Did the team realise it had to say sorry because Anthony Hamilton had been in touch with Mosley saying they were so fed up with the liar headlines that they were prepared to walk from F1 and McLaren?

That was the well-founded story that emerged on Saturday night and on Sunday morning Whitmarsh was in the hot seat again at the media session the team hosts at each race. Did the buck not stop with him? Was he going to resign? Had the team brought Lewis into disrepute? Was he therefore free to walk from his contract and join another team? Had there been discussions with his management (Anthony Hamilton)? Was Mercedes Benz getting fed up with all this negative publicity? Would there be commercial considerations (like sponsors leaving)? And on and on like that.

It's easy to get carried away but by the same token, nothing really surprises you. So when someone suggests that a mischievous mind might think that an amusing way to test the FOTA unity could be to hand Hamilton a get-out from his McLaren deal and have rival teams fighting over the world champion and promotional goldmine, you start to mull it over in your head. There were even people suggesting Button and Hamilton in Virgin Racing Brawns by Barcelona...

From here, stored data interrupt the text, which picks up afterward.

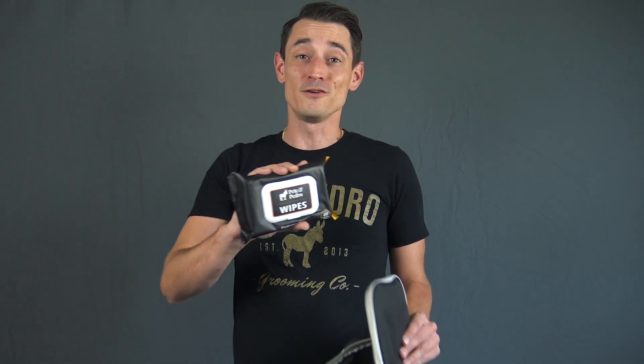Number two: wet wipes. These are a lifesaver — no truck stop bathrooms, no one-ply hotel toilet paper. Stick these in your dopp bag; I promise you'll be happy that you have them.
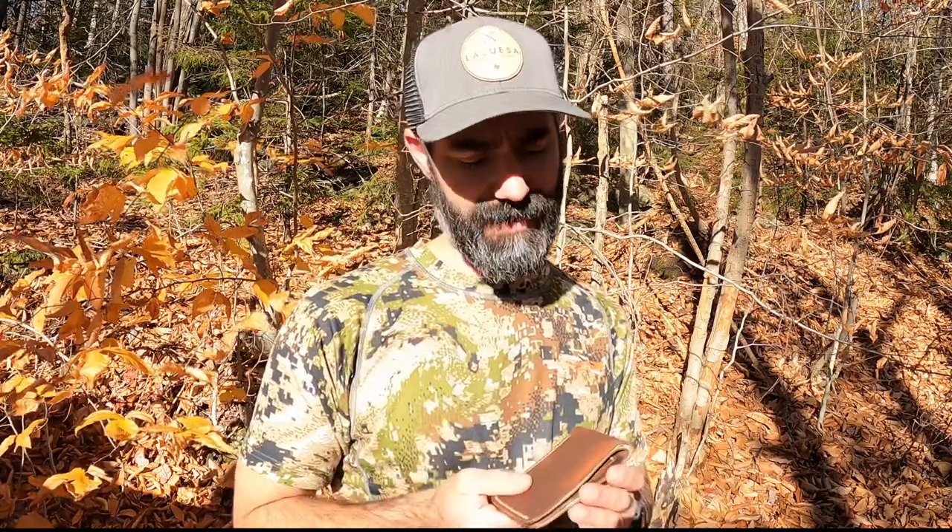Grant La Cuesa got in touch with me, wanted me to check this out. I'm happy to tell you guys, they make some beautiful products. Pretty neat that they can take wild whitetail leather and turn it into something like a wallet like this.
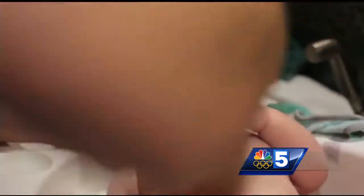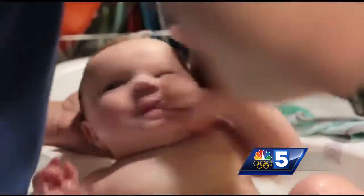Often, a testicle may be there but be too high up in the scrotum for someone to see. This may occur when it's cold, and it's called a retractile testicle. Putting your baby into a warm bath and then rechecking will often reveal the high-riding testicle. But if the testicle is still not visible, further evaluation to determine its location is warranted.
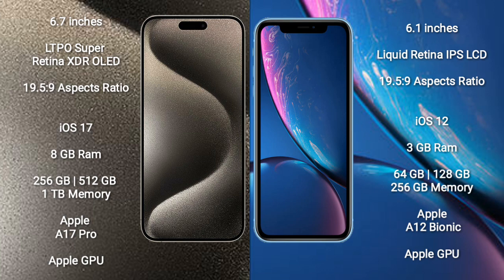iPhone XR runs on the iOS 12 operating system and comes with 3GB RAM and 64GB, 128GB, or 256GB internal storage, an Apple X12 Bionic processor, and Apple Graphic GPU.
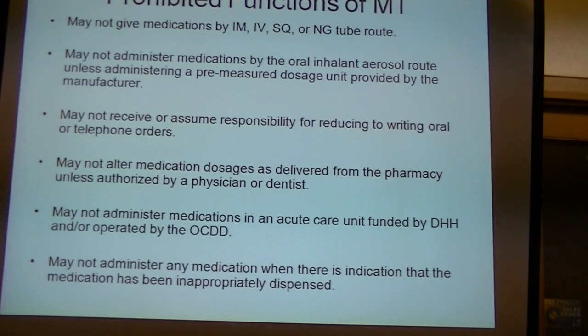You may not administer anything inhaled — like with oxygen — unless what's put into that container is pre-measured. The little inhalers we use with puffs are pre-measured, so those are okay. But if it's connected to oxygen and you're pouring liquid into a bottle that the oxygen is going through into their lungs, and you have to make a decision about how much, you cannot do that. If it's pre-measured, you could.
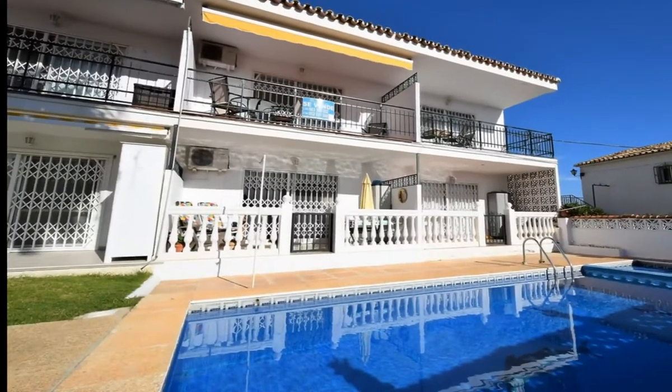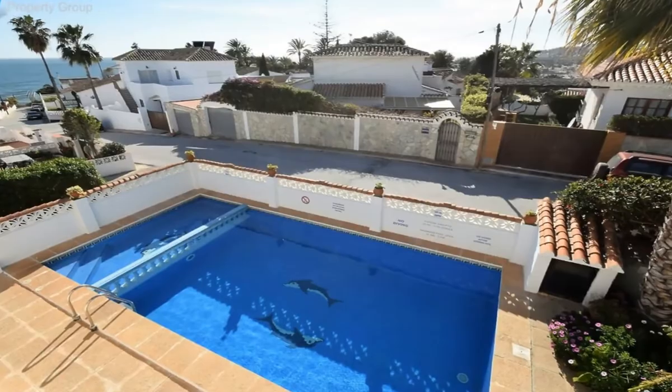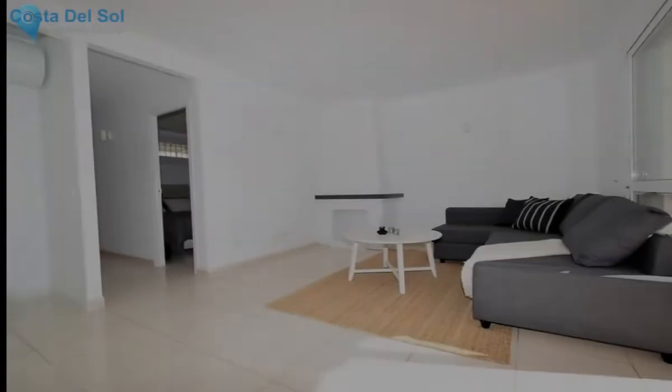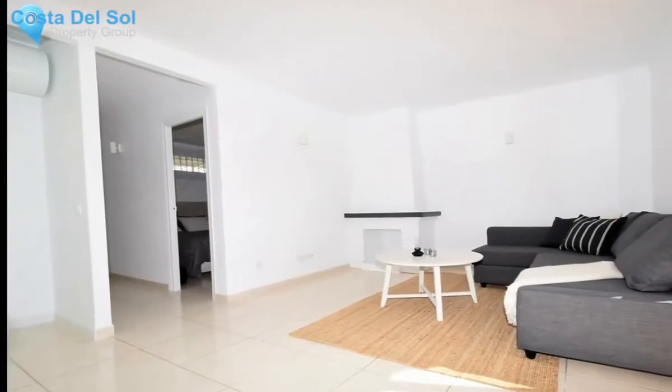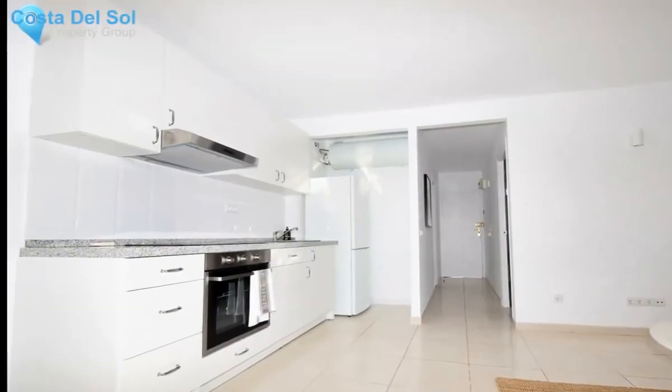This is a stunning little top-floor apartment located just 500 meters from the center of La Cala de Mijas. Set in a small community of just nine apartments, you have the swimming pool right below your terrace which offers great sea views.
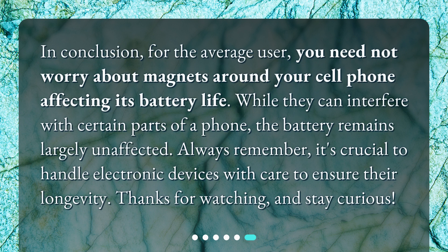In conclusion, for the average user, you need not worry about magnets around your cell phone affecting its battery life. While they can interfere with certain parts of a phone, the battery remains largely unaffected. Always remember, it's crucial to handle electronic devices with care to ensure their longevity. Thanks for watching, and stay curious! See you next time!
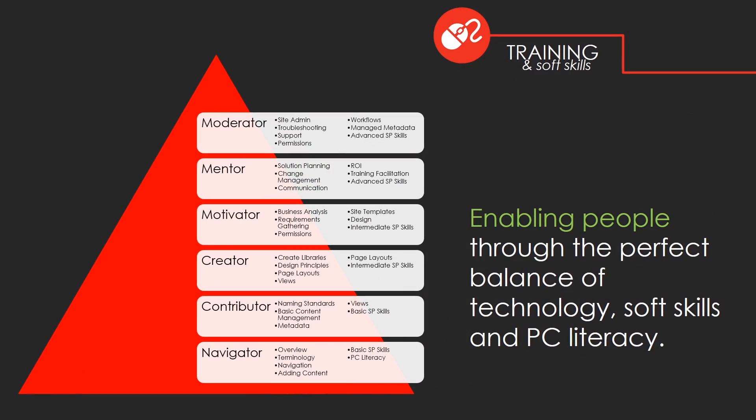Our training sessions incorporate a relationship between known technologies and features in SharePoint, making the lessons relatable and greatly reducing the learning curve. Our training sessions include a hands-on approach to fostering learning through repetition and establish a sense of comfort with new technology. Enabling people is the focus of each session, resulting in the perfect balance of technology, soft skills, and PC literacy with outstanding results.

Whitmarsh calmly and eloquently dealt with the flak. No, he was not going to resign. Not this weekend anyway. His future, he pointed out, was not self-determined, it would be decided by team shareholders. The principal one is Mercedes-Benz, whose motorsport chief Norbert Haug was sat alongside him and solidly supportive, for good reason.

The trigger for last weekend was something small and innocuous that grew into a monster. McLaren, undoubtedly, shot itself squarely in the foot and, at the moment, has paid with the loss of its sporting director and six points for Hamilton. There could be more to come... The issue dominated the weekend.

On track the new season was as fascinating as it had been in Australia until the entirely predictable ending to a twilight race in a country with monsoon rain duly materialised.

Nick Heidfeld (BMW Sauber F1.09) battles Mark Webber (Red Bull RB5 Renault) in the closing stages of the race © LAT
"It was pissing down at two o'clock as well," Mark Webber said when asked if he thought the earlier start time was better. "It rained twice, which is unusual for Malaysia but it's not the first time we've had heavy downpours and the way it was handled was fine."

Webber, in his GPDA role, was talking to drivers on the grid awaiting the restart that never came. "It was getting too dark, the track was waterlogged and I was just asking the others what they felt," he explained. "They said it's impossible, they're dreaming, we can't race."

After Spain and Austria 75, Monaco 84 and Australia 91 this was only the fifth red-flagged half-points race in world championship history. There had been the hope of doing another 10 laps, possibly all behind the safety car, to achieve the 42-lap 75% distance mark and award full points but even that would have been no easy task.

"When the safety car came out the team explained that all I had to do was drive around," Button said, "but that was difficult enough. A few moments later I was almost off the circuit. We were going round at running pace. That slow. The safety car was pulling away from us. It's embarrassing but that's as quick as we needed to go and if I'd gone any quicker I think I'd have ended up in the gravel."

Once again Button and Webber both starred in the wet but, as ever, the Aussie was unlucky. Ahead of eventual runner-up Heidfeld on worn wets, it started to rain heavily as he pulled into the pits for intermediates. Heidfeld was about to do the same but had time to change his mind. Had Webber been able to do likewise he'd have won.

"That cost us the win, that's what they told me," he said, "I didn't really know. In the car you don't see anything and I didn't have a clue what position I was in. There was no way to restart. The monsoon tyres cut the water a bit but behind the Safety car you just lose so much temperature that it's a vicious circle. You can't drive an F1 car in that."

With rain delays easily anticipated, especially at that time of day, why back yourself up against the light? It was just one of many questions asked at Sepang.